- **Assigned task**: An exact, complete copy of the entries is needed, with the pictures left out.

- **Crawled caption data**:
►

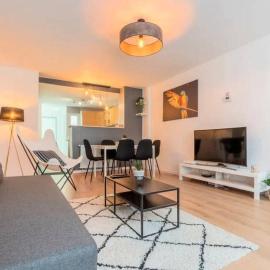 Ravissante New 3 chambres Roubaix, hotell sihtkohas Roubaix
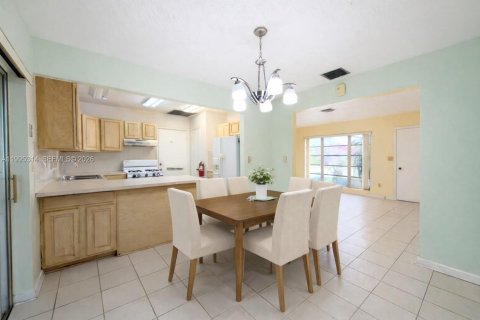 House in Miami, Florida 3 bedrooms, 134.89 sq.m. № 2064407 - photo 4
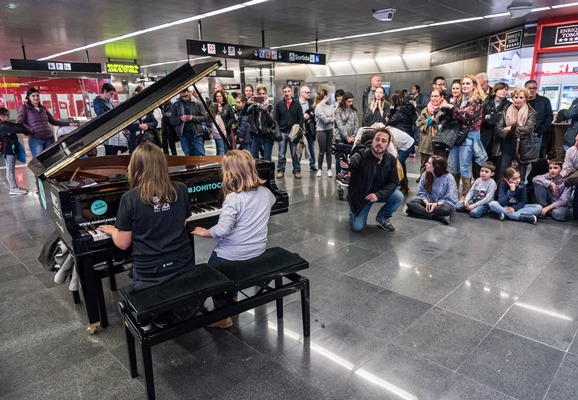 El piano de cua a l'estació de metro de Diagonal, l'any passat / Foto: Pep Herrero (TMB)
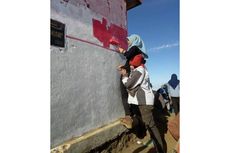 Pendaki dan Pecinta Alam Bersihkan Vandalisme di Gunung Cikuray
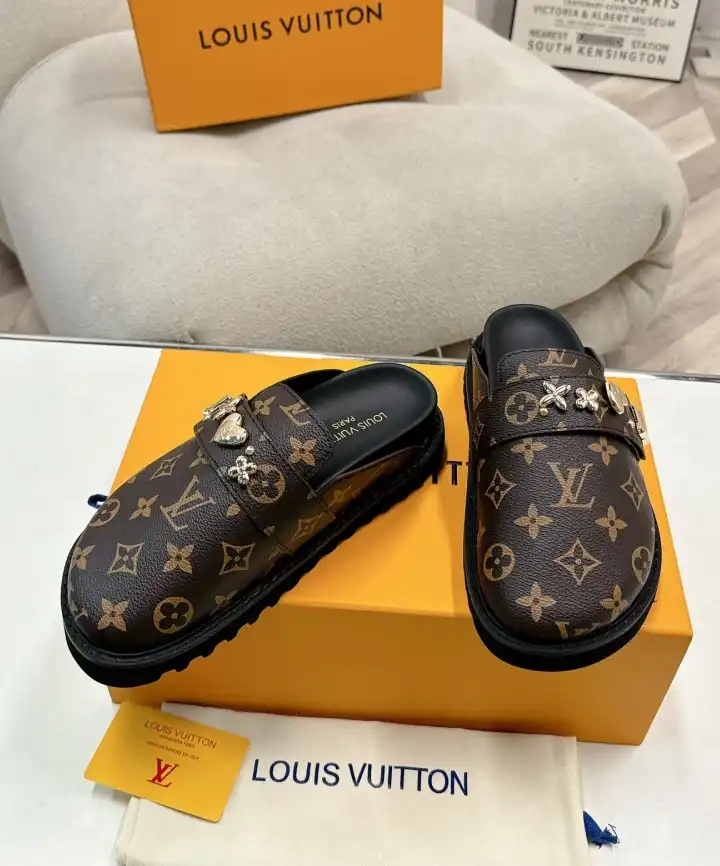 hype LV Slippers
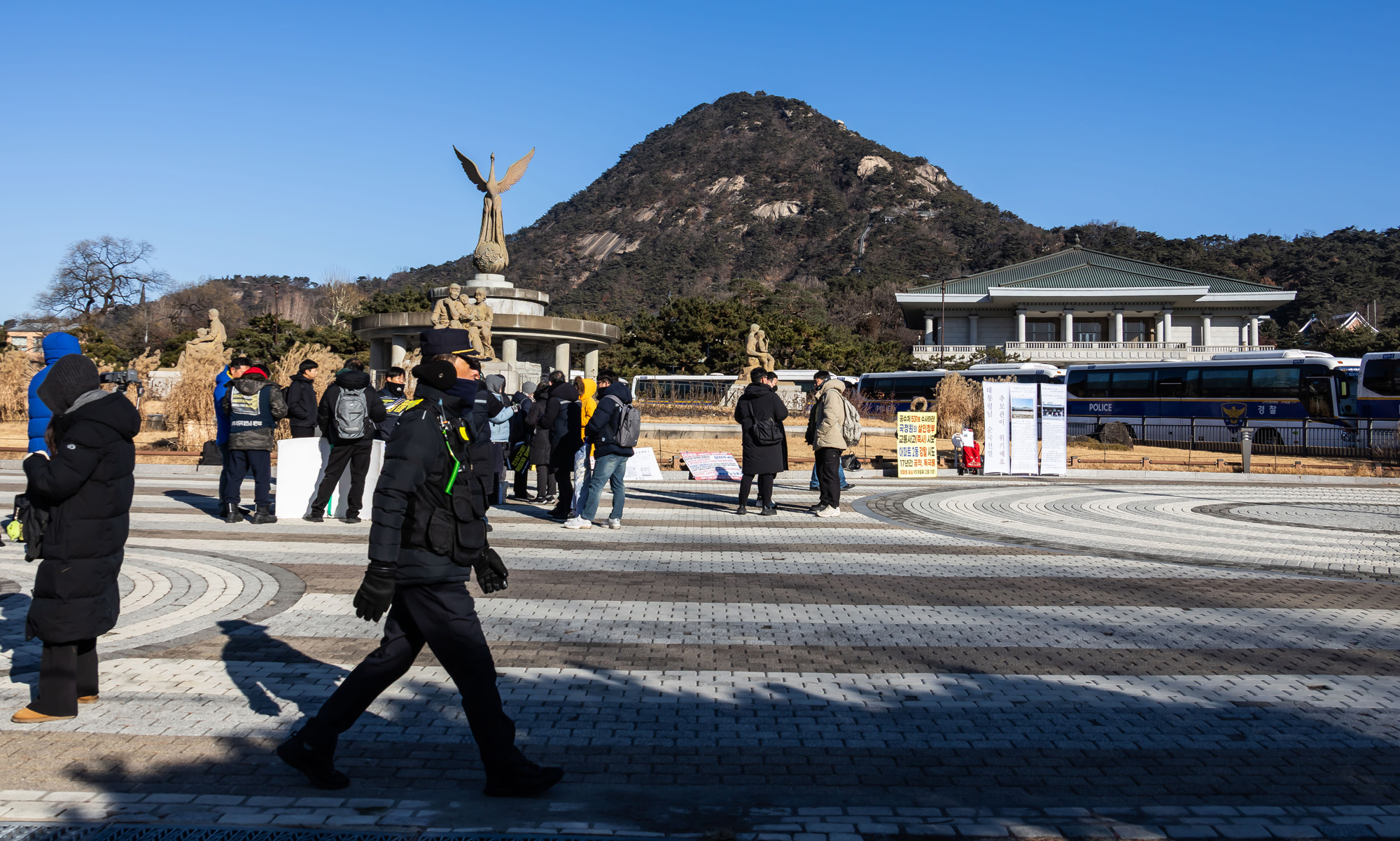 사회;세태;집회;시위;1인시위;청와대;이재명대통령청와대복귀;청와대앞집회스케치;청와대앞1인시위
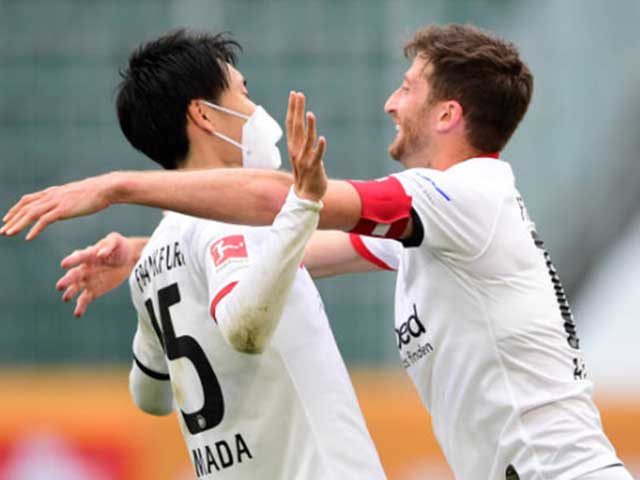 Bóng đá - Video highlight trận Wolfsburg - Frankfurt: "Cửa dưới" gây sốc, người hùng Nhật Bản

◄

- **Written solution**:
 Ravissante New 3 chambres Roubaix, hotell sihtkohas Roubaix
 House in Miami, Florida 3 bedrooms, 134.89 sq.m. № 2064407 - photo 4
 El piano de cua a l'estació de metro de Diagonal, l'any passat / Foto: Pep Herrero (TMB)
 Pendaki dan Pecinta Alam Bersihkan Vandalisme di Gunung Cikuray
 hype LV Slippers
 사회;세태;집회;시위;1인시위;청와대;이재명대통령청와대복귀;청와대앞집회스케치;청와대앞1인시위
 Bóng đá - Video highlight trận Wolfsburg - Frankfurt: "Cửa dưới" gây sốc, người hùng Nhật Bản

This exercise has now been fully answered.